Caution: There is no safety bleeder in the stock amp.
So you will want to build an insulated clip-on discharge resistor to discharge the B+ caps.


1. This project deals with lethal 115V line voltage and higher voltages. You  yourself must assume the responsibility for your own safety and for those who come near your work.
2. If you modify the kit, you void your warranty and neither S5 nor I will take responsibility for your changes to the amp.
3. This is an open notebook for sharing with my friends. Use any information enclosed here at your own risk.
4. Don't contact me if the kit or mods don't work. Learn to fix it.
5. This is based on the 2001 version of the kit. If the kit changes, the mods may not work in your version.

I felt the need to build something. My big project isn't going very fast (I'm avoiding the metal work.) I heard the K-12M Tube Amp at the April Cactus Tube Dudes and thought I would play with it a bit. I ended up buying the version with the tube cage. The metal work was already done!
 S5 Electronics Collects the Parts for the KIT and does the warrantee work.
 Arizona Hi Fi is the place I bought mine.
 AudioExpress Review of K-12M amp.
This 11MS8 amplifier was designed by George Fathauer and has the following advertised specifications:
Input Impedance                   = 100k ohms
Rated load                           = 8 Watts into 8 ohms per channel.
Minimum Input for full output = 400 mV
Frequency Response              = 20 to 20,000 Hz
THD at 1 Watt                    <1%
Performance Measurements I made:
On the stock amp I measured an output impedance at 30 Hz of 4.5 ohms, 300 Hz of 5.1 ohms and at 3 kHz of 5.1 ohms.

At 3 kHz, I noticed that clipping just started at 17V peak to peak into 8.45 ohms (resistive.) This is 9 watts peak output. 4.5W RMS.

The documentation for the kit is adequate, but minimal. The web site instructions are a bit easier to read. However, I didn't exactly follow the instructions to the letter.
Before I started the assembly, I clear coated the bottom of the chassis with about 6 coats of clear spray paint and very lightly wet sanded it in water with 600 grit after every coat but the last coat so that it would look nicer. I also painted the black top sandstone brown. I don't really like the sandstone brown, but I like it slightly better than the stock black.
I ended up placing my output transformers in the wrong way (as shown below) because I didn't have a picture to look at. This ended up being a good thing because it made the board easier to remove to do modification to it.
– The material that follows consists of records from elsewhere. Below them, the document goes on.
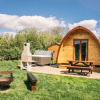 Отель Wensleydale Glamping Pods, фото 6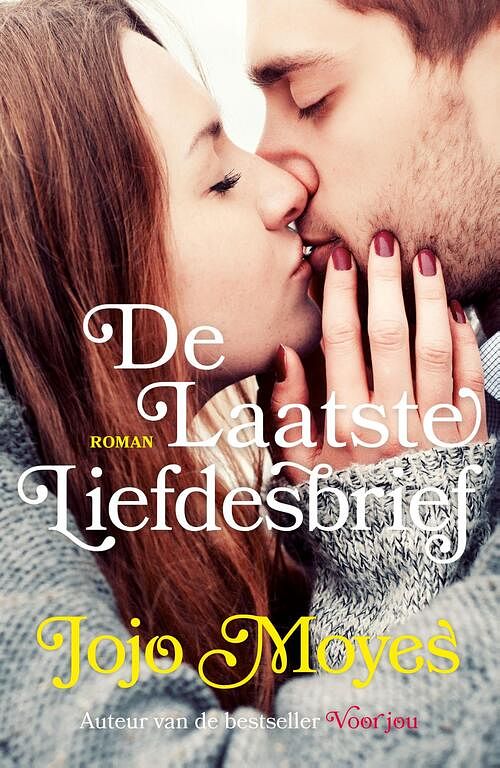 Foto van De laatste liefdesbrief - jojo moyes - ebook (9789032512828)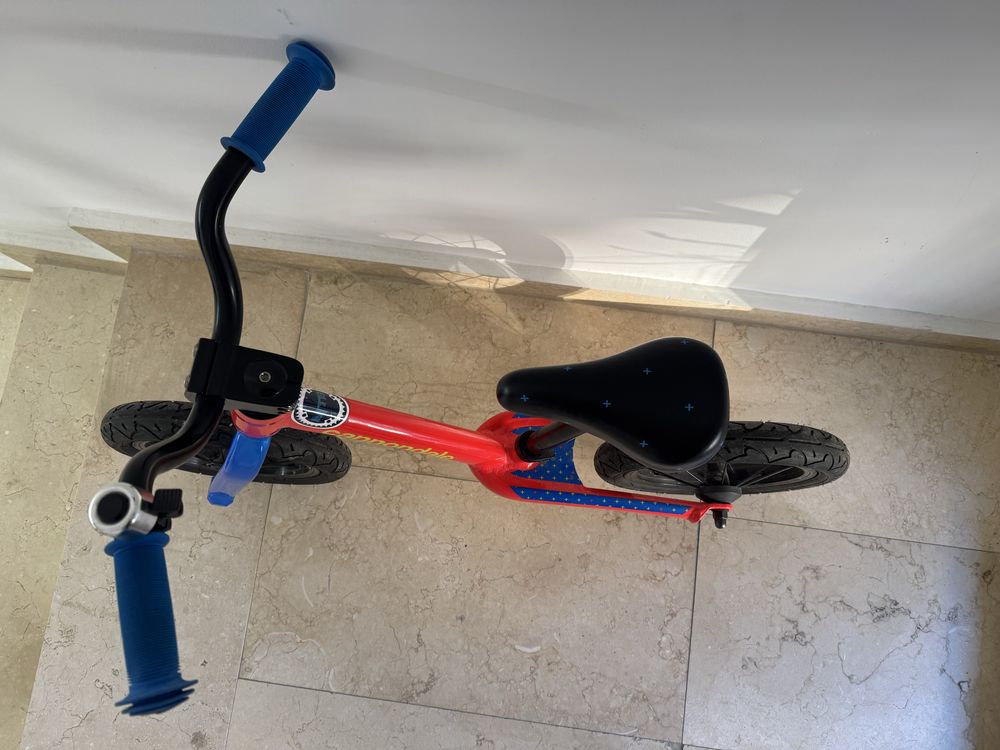 Bicicleta Cannondale copii fara pedale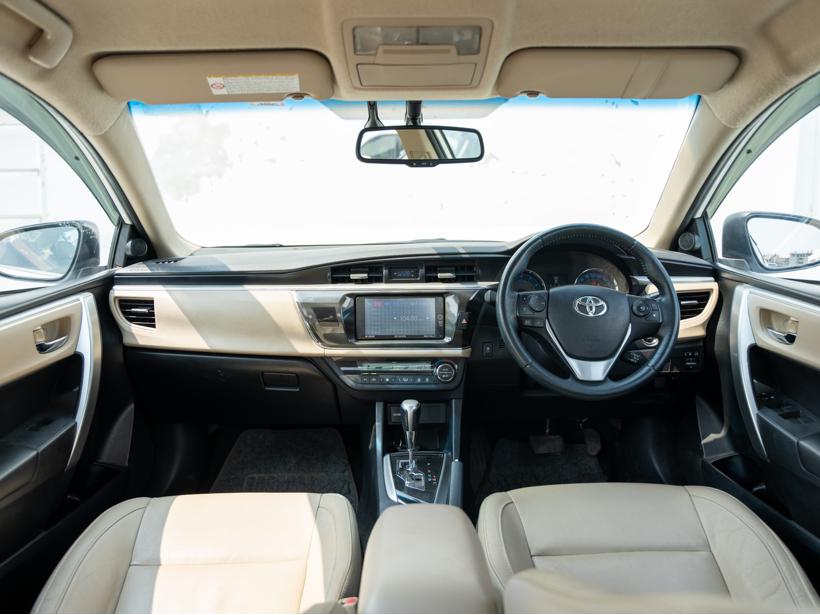 Toyota Corolla Altis 1.8V L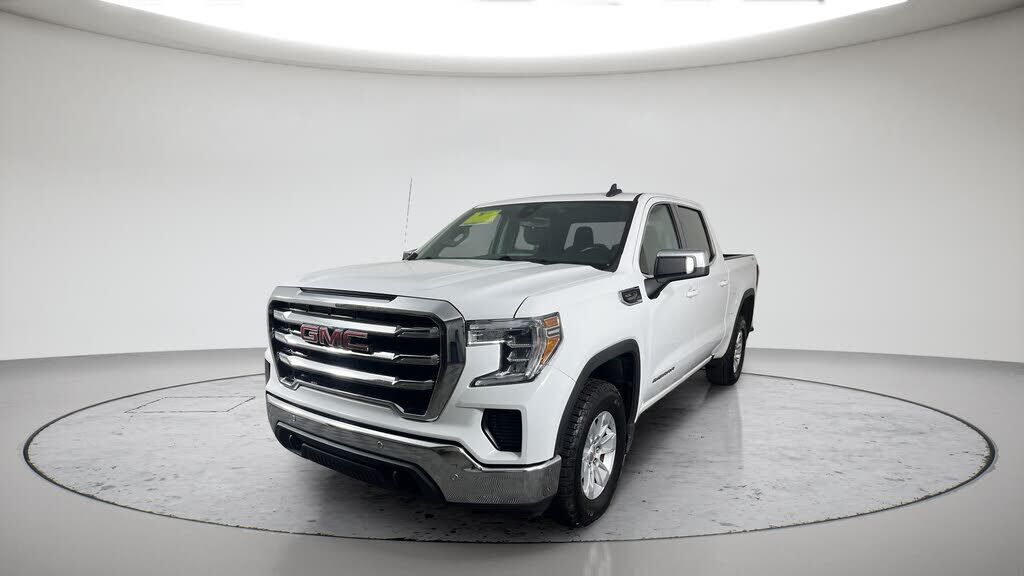 2022 GMC Sierra Limited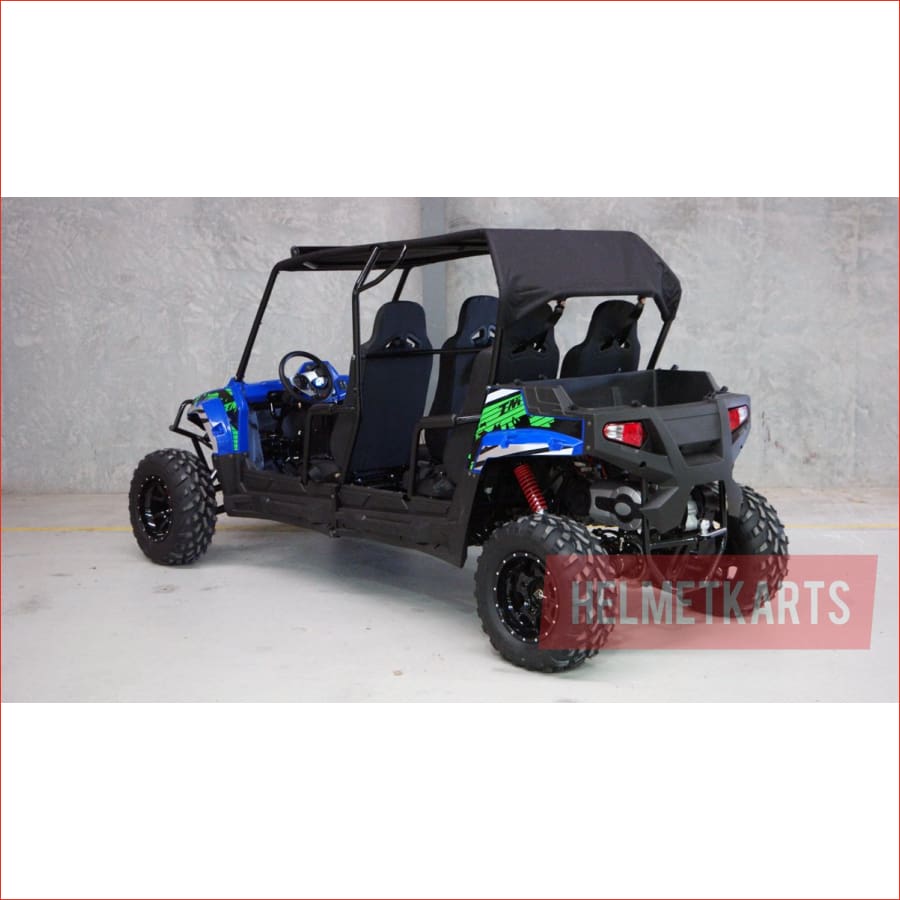 300XF - Challenger - UTV Buggy UTV’s Main Vehicles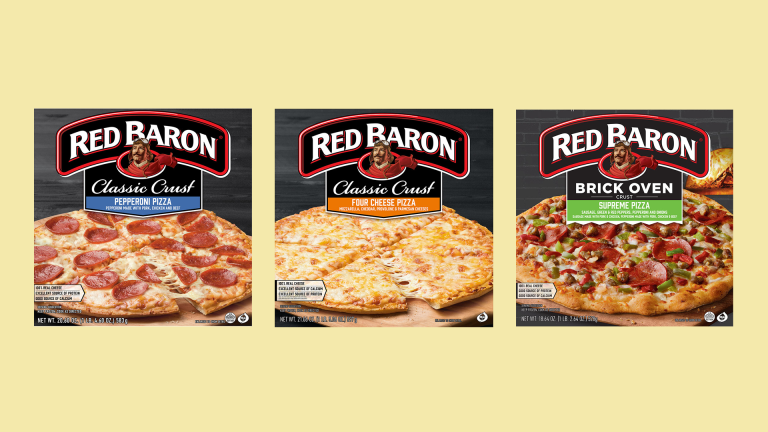 12 Winners Will Each Receive 12 Red Baron Pizzas, a Pizza Cutter, and a Pizza Peel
I checked the "polarity" of the 115V line transformer primary with a signal generator and hooked it up so that the 115V lead that gave the lowest chassis voltage went to 115V hot at the power switch.

I wired the 115V differently than the kit instructions. I wired 115V hot to the fuse first and ran a wire to the power switch. The spare transformer lead was hard wired to the 115V cold. I soldered the 115V cold connection and put a wire nut over it. The wide plug is 115V cold, ohm it out to find out which wire it is. I've been zapped by equipment with the switch in the cold so I wanted both the switch and fuse in the hot lead.

Note: The right most tube is tube 1.

Ohm readings made with unit unplugged, caps discharged, tubes removed and volume pot all the way clockwise:
Measurement point Tube 1 and 3 Tube 2 and 4 Black lead to
1 Open Open Speaker Black
2 86K Open Speaker Black
3 1.46K 47K Speaker Black
4 <1 ohm <1 ohm Speaker Black
5 <1 ohm <1 ohm Speaker Black
6 Open Open Speaker Black
7 Open Open Speaker Black
8 298 298 Speaker Black
9 470K 470K Speaker Black
Test Change Tube 1 and 3 Tube 2 and 4 Red lead to
1 153K 50K + of diode bridge
6 75 ohm 85 ohm + of diode bridge
7 468 ohm 468 ohm + of diode bridge

The following should measure less than 1 ohm to Speaker Black:

Case of power transformer
Case of each output transformer
Chassis of amp.
Speaker Red
Some Voltages. Be careful when you test the voltages. Clip the ground of the DVM to speaker black and don't be touching anything metal with your body when you probe around. Getting across the B+ or the line voltage could be the last thing you do! Forever!
R8, R17    26V
R1, R9     1.29V
R3, R13    65V
R4, R21    197V one side, 132V the other side.
Initial power up:
My kit oscillated at 100 kHz at first power up so I went to the web site and saw a note about a ground lug on the volume pot. Sure enough, there was no continuity from the speaker black terminal to the chassis because of the paint. I put an internal tooth lock washer between the ground lug and chassis and the oscillation stopped. After that, I put internal tooth lock washers under the both the nut and screw on each of the transformer mounts that face the circuit board.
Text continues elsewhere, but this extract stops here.